__Instructions for the task__. All of the data should be given again word for word, though the images are to be left out.

__Data records__.
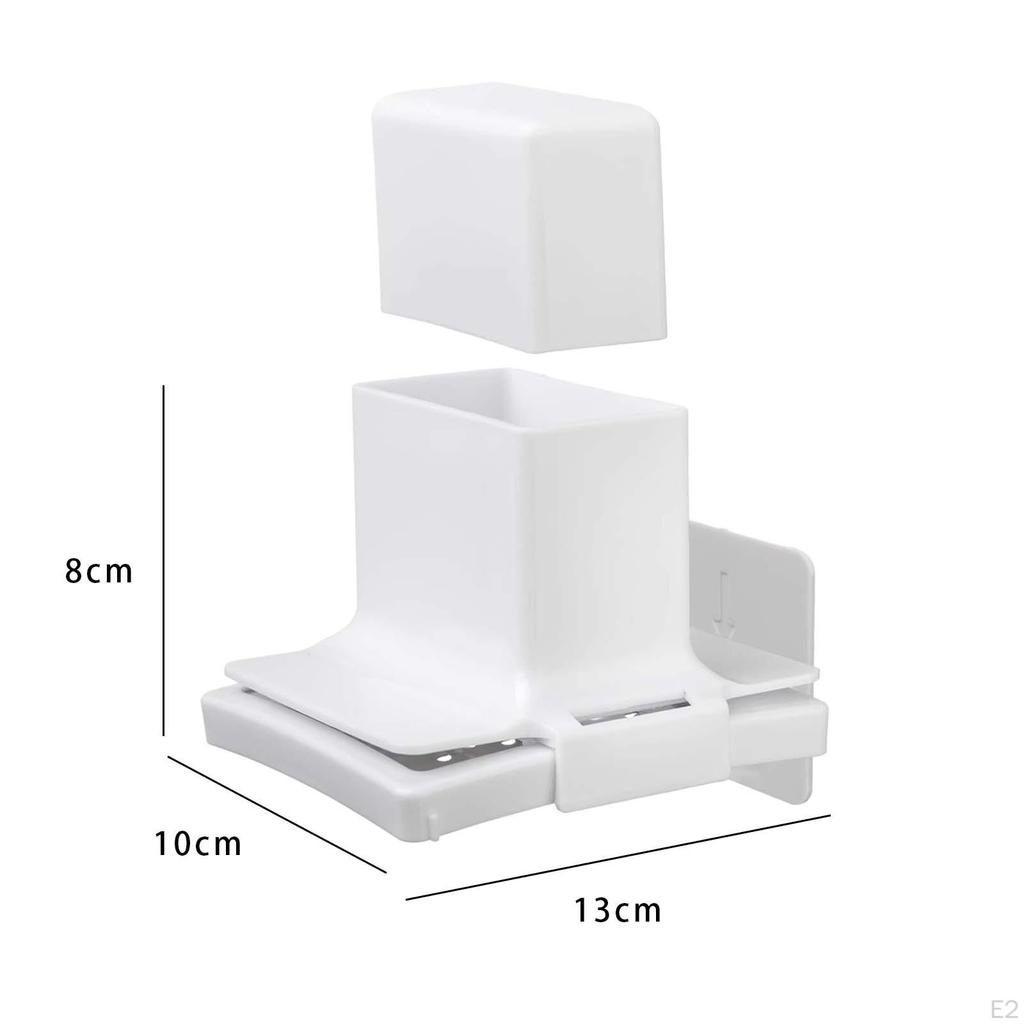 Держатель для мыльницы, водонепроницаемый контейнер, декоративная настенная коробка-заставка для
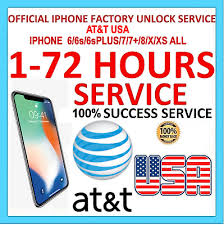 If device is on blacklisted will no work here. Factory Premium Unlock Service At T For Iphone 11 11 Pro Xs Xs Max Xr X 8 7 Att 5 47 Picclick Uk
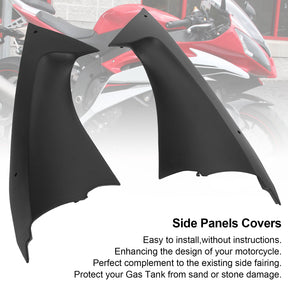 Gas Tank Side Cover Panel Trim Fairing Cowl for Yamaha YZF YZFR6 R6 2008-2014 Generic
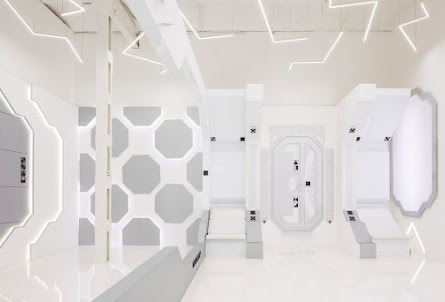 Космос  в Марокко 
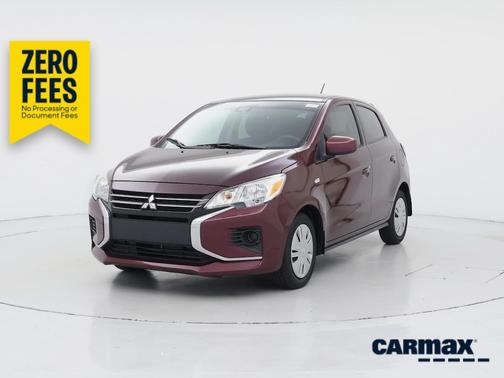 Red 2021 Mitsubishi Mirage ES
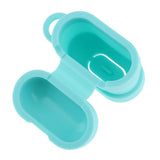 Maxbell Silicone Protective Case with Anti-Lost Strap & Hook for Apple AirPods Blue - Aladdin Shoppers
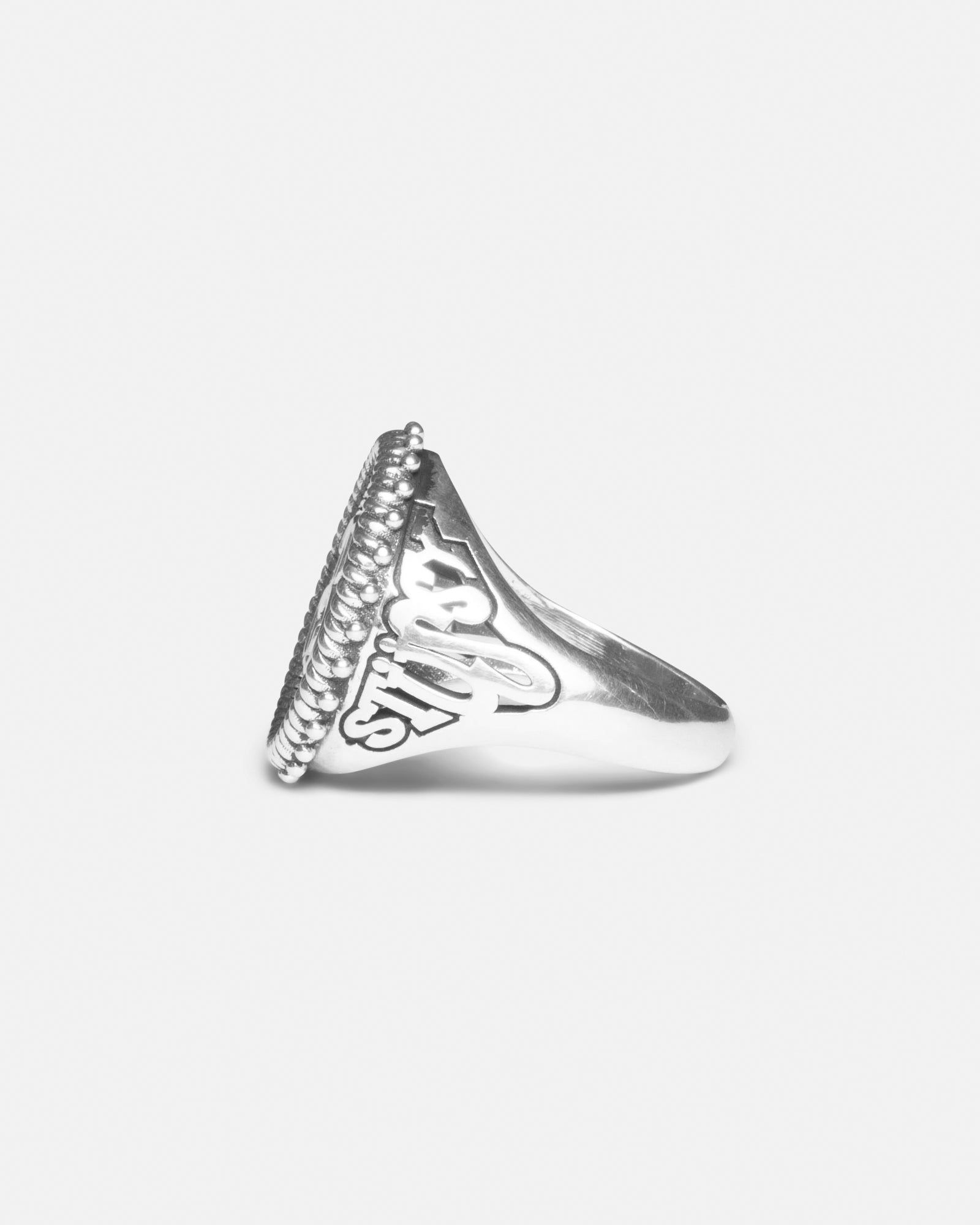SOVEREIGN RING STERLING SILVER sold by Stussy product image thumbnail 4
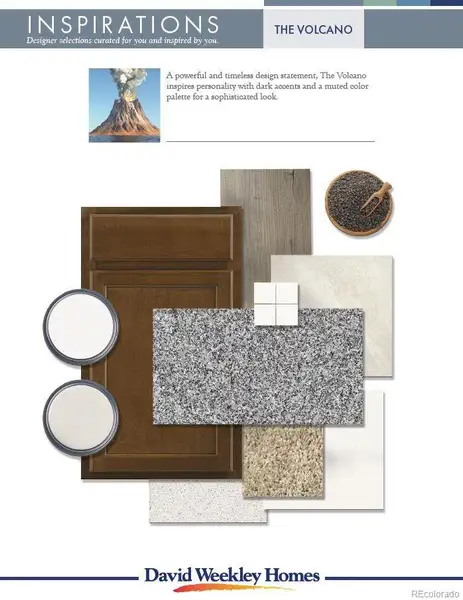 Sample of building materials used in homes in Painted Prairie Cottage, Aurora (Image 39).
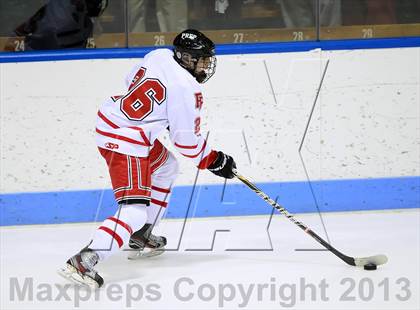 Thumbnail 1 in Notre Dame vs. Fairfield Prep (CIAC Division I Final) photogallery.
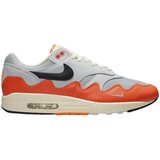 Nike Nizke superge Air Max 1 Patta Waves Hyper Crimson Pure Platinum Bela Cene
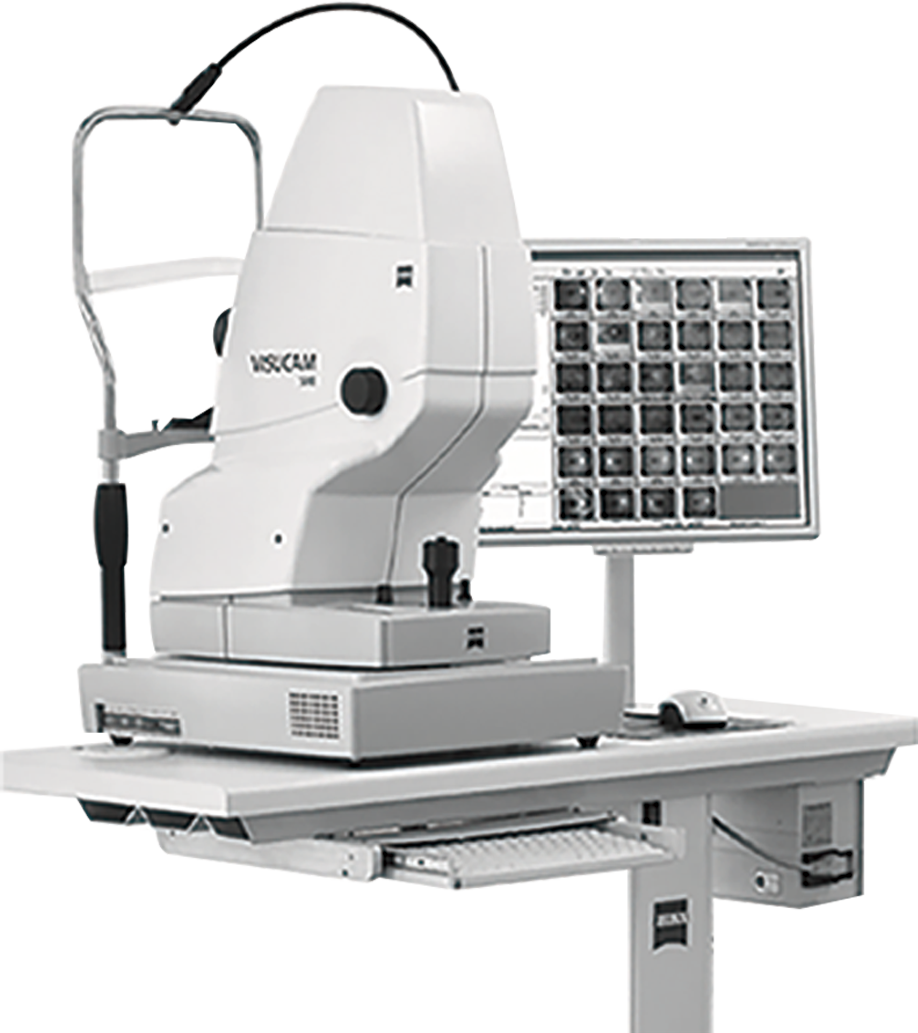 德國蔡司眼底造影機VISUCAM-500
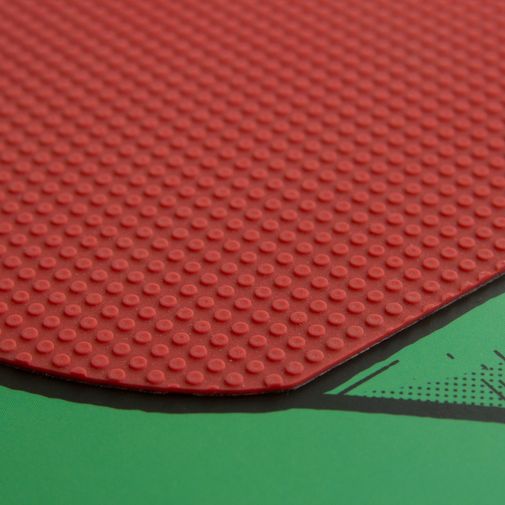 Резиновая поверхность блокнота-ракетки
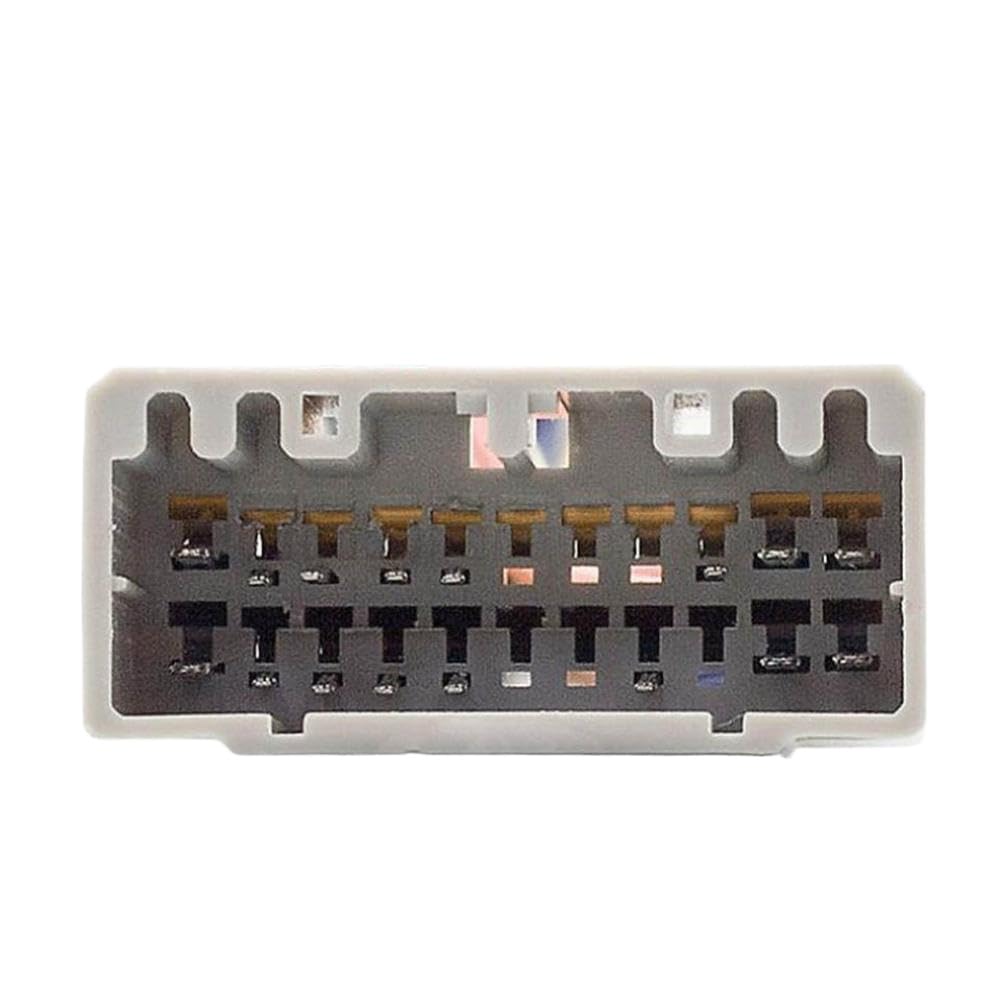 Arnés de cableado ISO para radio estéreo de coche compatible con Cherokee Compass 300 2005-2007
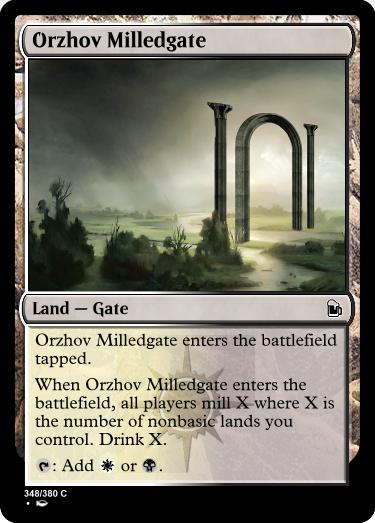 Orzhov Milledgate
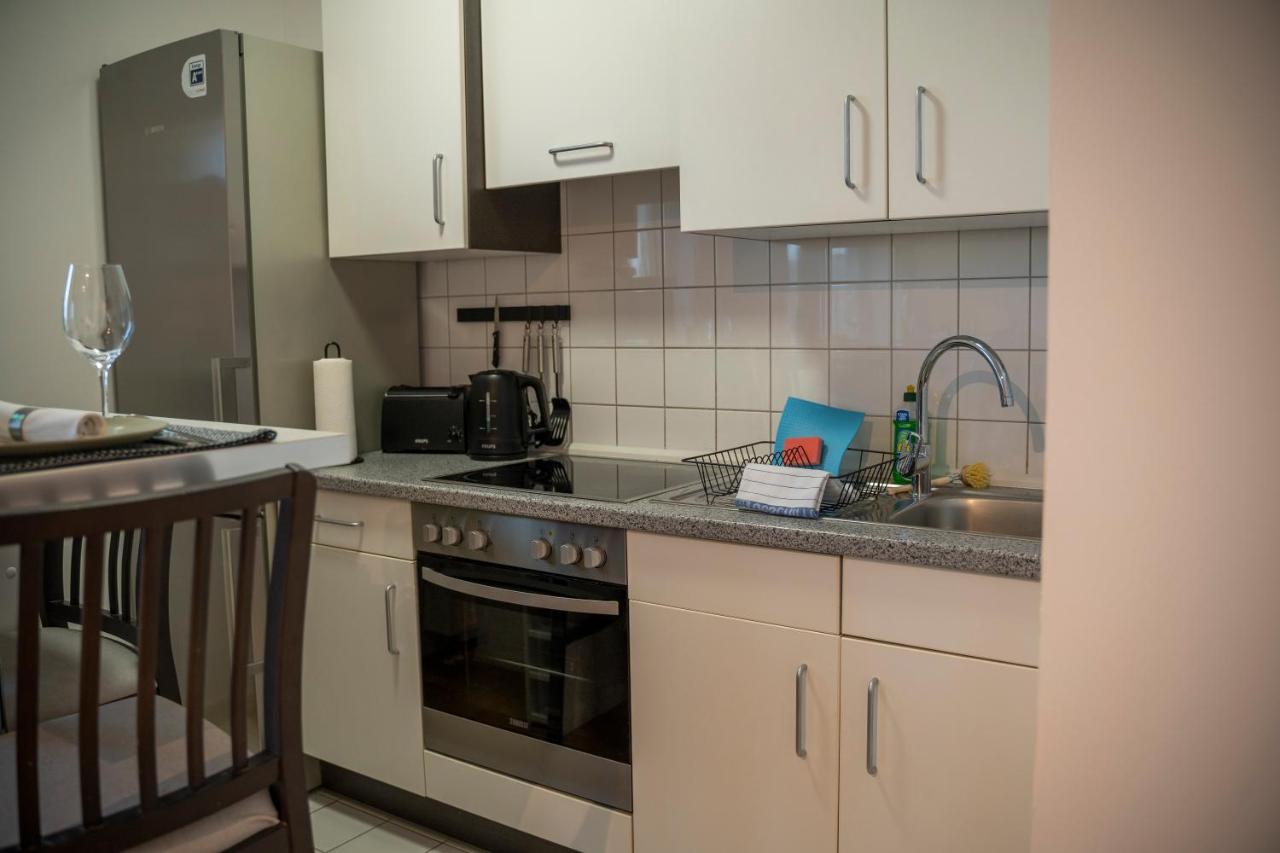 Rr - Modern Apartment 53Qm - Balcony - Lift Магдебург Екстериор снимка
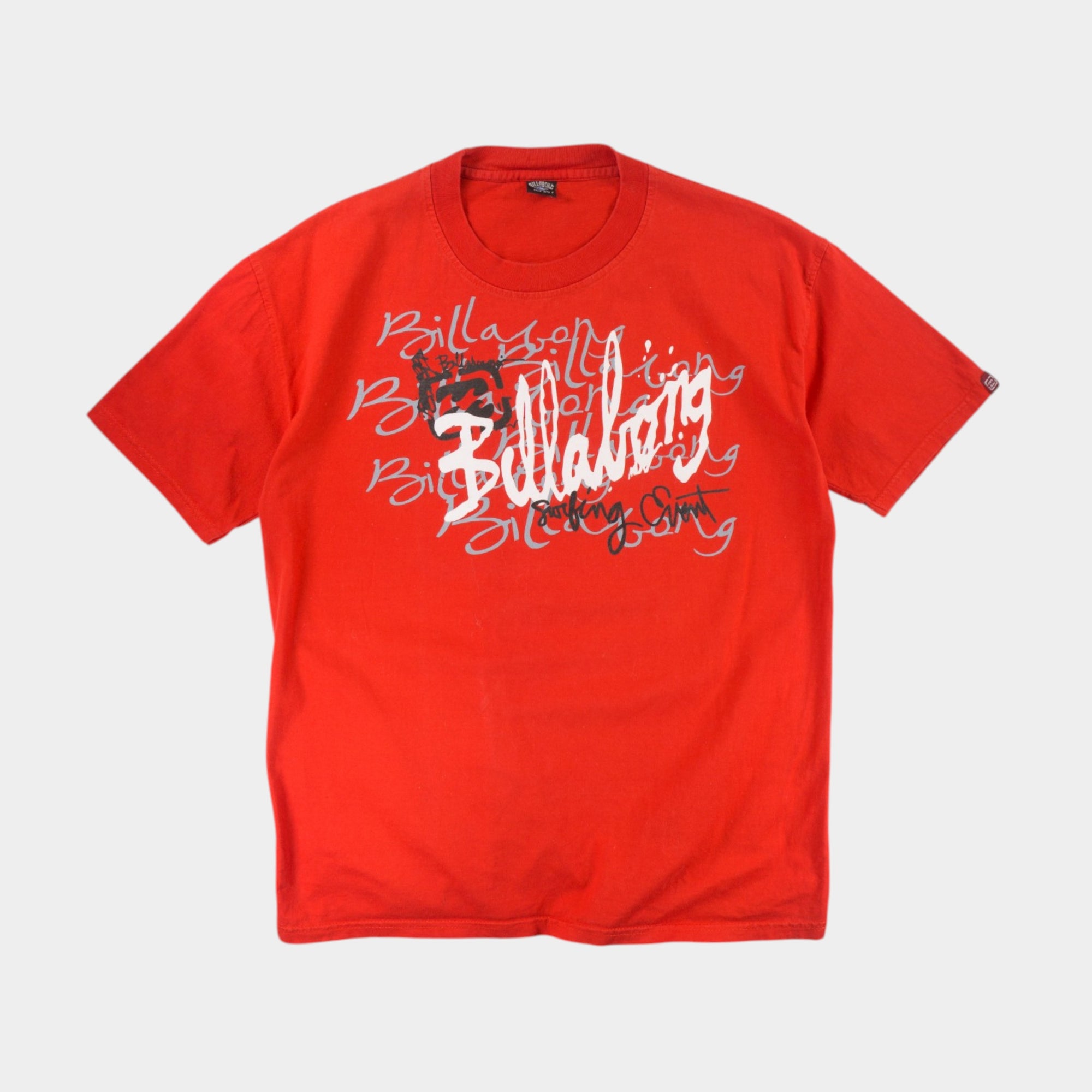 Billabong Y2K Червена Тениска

__Output for this exercise__.
 Держатель для мыльницы, водонепроницаемый контейнер, декоративная настенная коробка-заставка для
 If device is on blacklisted will no work here. Factory Premium Unlock Service At T For Iphone 11 11 Pro Xs Xs Max Xr X 8 7 Att 5 47 Picclick Uk
 Gas Tank Side Cover Panel Trim Fairing Cowl for Yamaha YZF YZFR6 R6 2008-2014 Generic
 Космос  в Марокко 
 Red 2021 Mitsubishi Mirage ES
 Maxbell Silicone Protective Case with Anti-Lost Strap & Hook for Apple AirPods Blue - Aladdin Shoppers
SOVEREIGN RING STERLING SILVER sold by Stussy product image thumbnail 4
 Sample of building materials used in homes in Painted Prairie Cottage, Aurora (Image 39).
 Thumbnail 1 in Notre Dame vs. Fairfield Prep (CIAC Division I Final) photogallery.
 Nike Nizke superge Air Max 1 Patta Waves Hyper Crimson Pure Platinum Bela Cene
 德國蔡司眼底造影機VISUCAM-500
 Резиновая поверхность блокнота-ракетки
 Arnés de cableado ISO para radio estéreo de coche compatible con Cherokee Compass 300 2005-2007
 Orzhov Milledgate
 Rr - Modern Apartment 53Qm - Balcony - Lift Магдебург Екстериор снимка
 Billabong Y2K Червена Тениска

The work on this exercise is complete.